# PyCrypto: ¿Cuántos datos aleatorios se consideran seguros?

I'm using the RSA implementation in PyCrypto. With regard to the encrypt(self, plaintext, K) method K is a parameter of random data. I want to know how much random data needs to be passed in order for the encryted data to be considered secure. For example in my implementation I am passing a strong prime number of 1024 bits via the Crypto.Util.number module like so:

``````enc_data = public_key.encrypt(data, number.getPrime(1024))
``````

Is this considered 'secure enough'?

Muchas Gracias

preguntado el 27 de agosto de 11 a las 17:08

@Tom Yes, I'm using Crypto.PublicKey.RSA. In the documentos it talks about using the Crypto.Util.number module to generate a prime number of a suitable length. My question is focusing on what is considered a "suitable" or "secure" length. -

I downloaded the package but now I can't find the source code for that class. I must be losing my mind. -

@Greg are you looking for the number class? it's in Lib\site-packages\Crypto\Util -

I don't see why you would need to pass a número primo here, if the goal is to have a random number - this would have less entropy than a normal random number of this size (and be harder to create). -

## 1 Respuestas

The RSA implementation no use the K parameter. You may ignore it; the RSA implemention does.
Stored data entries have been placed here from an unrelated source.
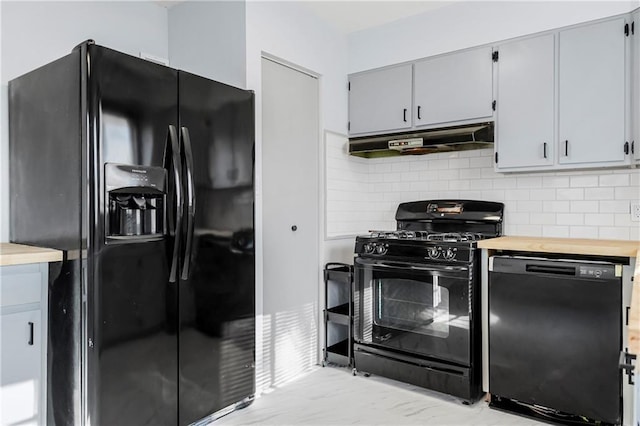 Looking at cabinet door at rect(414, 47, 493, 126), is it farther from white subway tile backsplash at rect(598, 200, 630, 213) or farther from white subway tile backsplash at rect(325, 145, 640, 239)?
white subway tile backsplash at rect(598, 200, 630, 213)

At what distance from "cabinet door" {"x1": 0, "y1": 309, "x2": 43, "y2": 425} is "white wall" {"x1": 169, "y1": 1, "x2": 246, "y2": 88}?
1.67 meters

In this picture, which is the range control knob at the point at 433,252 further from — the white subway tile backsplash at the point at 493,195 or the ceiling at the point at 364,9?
the ceiling at the point at 364,9

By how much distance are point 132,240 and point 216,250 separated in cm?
46

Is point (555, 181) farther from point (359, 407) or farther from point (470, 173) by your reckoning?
point (359, 407)

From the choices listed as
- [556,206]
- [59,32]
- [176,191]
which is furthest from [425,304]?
[59,32]

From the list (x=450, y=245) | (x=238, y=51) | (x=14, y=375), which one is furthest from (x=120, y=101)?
(x=450, y=245)

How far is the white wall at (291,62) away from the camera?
8.85 feet

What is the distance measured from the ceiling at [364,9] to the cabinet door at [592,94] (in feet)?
2.94

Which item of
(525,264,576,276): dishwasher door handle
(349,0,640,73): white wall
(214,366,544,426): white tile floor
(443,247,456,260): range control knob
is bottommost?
(214,366,544,426): white tile floor

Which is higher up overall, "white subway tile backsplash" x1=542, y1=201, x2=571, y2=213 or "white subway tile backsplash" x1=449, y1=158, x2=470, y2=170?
"white subway tile backsplash" x1=449, y1=158, x2=470, y2=170

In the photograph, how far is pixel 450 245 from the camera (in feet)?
8.62

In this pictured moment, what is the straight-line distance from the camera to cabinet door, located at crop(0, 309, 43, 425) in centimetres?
187

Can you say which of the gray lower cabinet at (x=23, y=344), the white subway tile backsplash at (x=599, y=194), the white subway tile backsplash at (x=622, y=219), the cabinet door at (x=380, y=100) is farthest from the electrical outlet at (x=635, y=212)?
the gray lower cabinet at (x=23, y=344)

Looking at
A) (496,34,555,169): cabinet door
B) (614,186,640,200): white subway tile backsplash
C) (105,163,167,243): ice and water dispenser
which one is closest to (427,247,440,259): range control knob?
(496,34,555,169): cabinet door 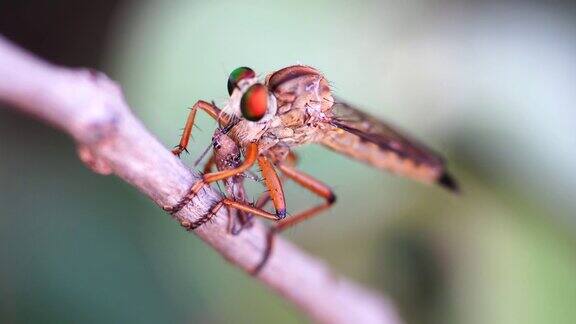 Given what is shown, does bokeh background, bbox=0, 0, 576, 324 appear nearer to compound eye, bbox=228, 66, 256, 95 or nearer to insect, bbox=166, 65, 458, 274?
insect, bbox=166, 65, 458, 274

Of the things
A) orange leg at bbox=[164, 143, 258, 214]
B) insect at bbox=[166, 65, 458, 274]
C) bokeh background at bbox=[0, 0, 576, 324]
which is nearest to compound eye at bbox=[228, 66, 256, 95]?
insect at bbox=[166, 65, 458, 274]

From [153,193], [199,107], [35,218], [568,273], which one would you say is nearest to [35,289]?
[35,218]

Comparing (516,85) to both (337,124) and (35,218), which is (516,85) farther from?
(35,218)

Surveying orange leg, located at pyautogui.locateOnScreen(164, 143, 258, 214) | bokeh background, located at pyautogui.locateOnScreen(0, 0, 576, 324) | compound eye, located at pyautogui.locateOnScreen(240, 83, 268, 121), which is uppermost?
compound eye, located at pyautogui.locateOnScreen(240, 83, 268, 121)

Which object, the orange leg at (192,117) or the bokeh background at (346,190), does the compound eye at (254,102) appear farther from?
the bokeh background at (346,190)

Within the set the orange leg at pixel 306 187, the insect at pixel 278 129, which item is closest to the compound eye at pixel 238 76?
the insect at pixel 278 129

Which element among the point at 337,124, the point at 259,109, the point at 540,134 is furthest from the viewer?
the point at 540,134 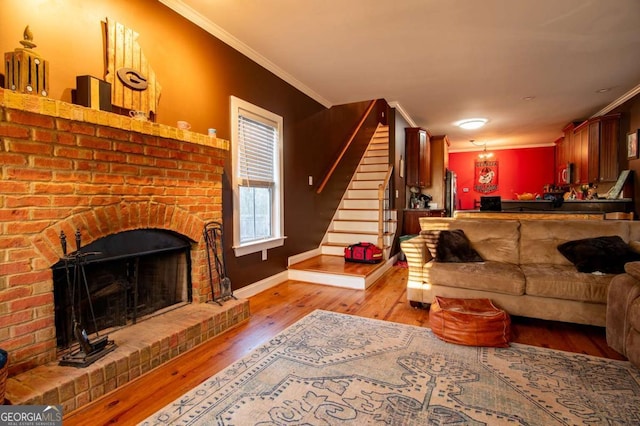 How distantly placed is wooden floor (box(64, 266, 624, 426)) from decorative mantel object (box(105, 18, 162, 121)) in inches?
71.0

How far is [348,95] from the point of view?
194 inches

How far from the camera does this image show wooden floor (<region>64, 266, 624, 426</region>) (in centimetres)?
170

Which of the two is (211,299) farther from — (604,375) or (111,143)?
(604,375)

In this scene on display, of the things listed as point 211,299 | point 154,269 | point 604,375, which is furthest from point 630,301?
point 154,269

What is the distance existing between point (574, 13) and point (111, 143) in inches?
150

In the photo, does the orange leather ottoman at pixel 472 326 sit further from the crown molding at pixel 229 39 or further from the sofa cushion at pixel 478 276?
the crown molding at pixel 229 39

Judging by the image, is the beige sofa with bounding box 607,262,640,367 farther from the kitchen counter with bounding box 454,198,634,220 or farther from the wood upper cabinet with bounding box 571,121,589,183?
the wood upper cabinet with bounding box 571,121,589,183

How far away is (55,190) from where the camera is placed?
1.81m

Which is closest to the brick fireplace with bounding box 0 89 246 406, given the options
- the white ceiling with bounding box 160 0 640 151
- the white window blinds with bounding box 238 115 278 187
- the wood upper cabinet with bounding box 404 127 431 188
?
the white window blinds with bounding box 238 115 278 187

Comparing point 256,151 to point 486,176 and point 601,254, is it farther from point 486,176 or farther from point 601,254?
point 486,176

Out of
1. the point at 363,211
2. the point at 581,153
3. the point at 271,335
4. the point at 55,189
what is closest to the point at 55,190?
the point at 55,189

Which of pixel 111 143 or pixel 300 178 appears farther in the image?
pixel 300 178

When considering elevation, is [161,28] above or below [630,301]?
above

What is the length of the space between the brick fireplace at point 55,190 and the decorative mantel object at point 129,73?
25 centimetres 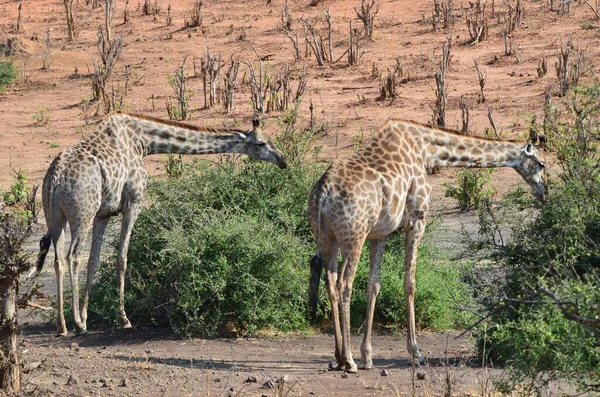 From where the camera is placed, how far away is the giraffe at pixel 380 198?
991 centimetres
Looking at lines 59-60 of `pycrypto-2.3/lib/Crypto/PublicKey/RSA.py` ves lo siguiente:

``````def _encrypt(self, c, K):
return (self.key._encrypt(c),)
``````

Which proves that `K`, if supplied, is ignored.

Documentación oficial

Plus, the developers declare this explícitamente in the documentation. In fact, if you create a public key `public_key` y escribes

``````help(public_key.encrypt)
``````

you will obtain their documentation, which explicitly says:

``````encrypt(self, plaintext, K) method of Crypto.PublicKey.RSA._RSAobj instance
Encrypt a piece of data with RSA.

...
...

:Parameter K: A random parameter (*for compatibility only. This
value will be ignored*)
:Type K: byte string or long
``````

Respondido 28 Abr '18, 15:04

Do you have a reference for that please? - Imran Azad

No es la respuesta que estás buscando? Examinar otras preguntas etiquetadas or haz tu propia pregunta.